But Cribbs soon asked that his contract be renegotiated. That he and the club were talking renegotiation wasn't made public for about two months. Then, according to Cribbs, the Stallions broke off discussions. After playing in a 43-11 loss to Philadelphia on Sunday, May 6 (which brought the Stallions' record to 9-2), Cribbs didn't show up for practice on the following Monday and Tuesday. On Wednesday of last week the Stallions, apparently convinced that Cribbs was making good on a threat made by his agent, Louis Burrell, that he would walk out if negotiations didn't continue, filed a $20 million suit against Cribbs and Burrell for breach of contract and for "lessening and destroying" the value of the Stallions' franchise.

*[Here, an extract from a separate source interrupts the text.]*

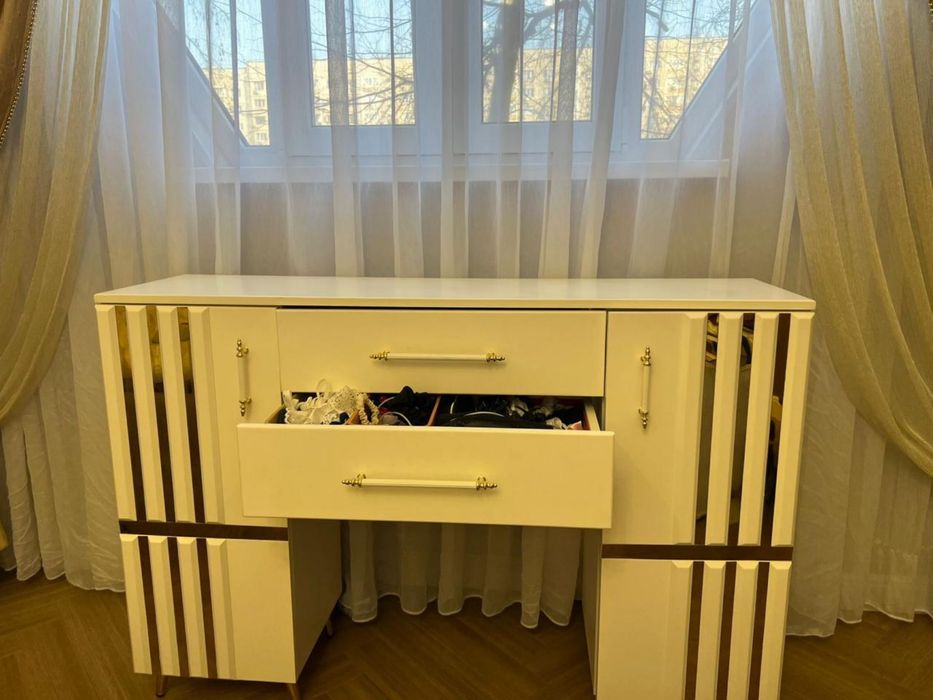 Продается комод в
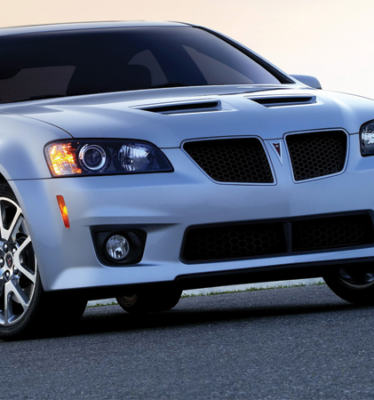 G8 / SS and VE / VF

Birmingham club president Jerry Sklar issued a statement saying, "Three weeks after the 1984 season started, Joe Cribbs demanded we renegotiate his contract.... We told Joe that we already have a valid and enforceable contract with him.... In 1983 we signed Joe to a five-year contract for approximately $2.45 million, bringing him back to his native Alabama and making him a wealthy man at the same time. We stood behind him during his lawsuit against Buffalo.... We feel it is unfair...for Joe to make these demands and leave the team at this crucial point in the season."

Cribbs says, "I didn't quit the team. I expected to be fined for missing practice.... I was confused and upset [and] I drove to Sulligent [his hometown] to see my mother.... We've been negotiating since the second week of the season.... Both sides appeared willing to work something out."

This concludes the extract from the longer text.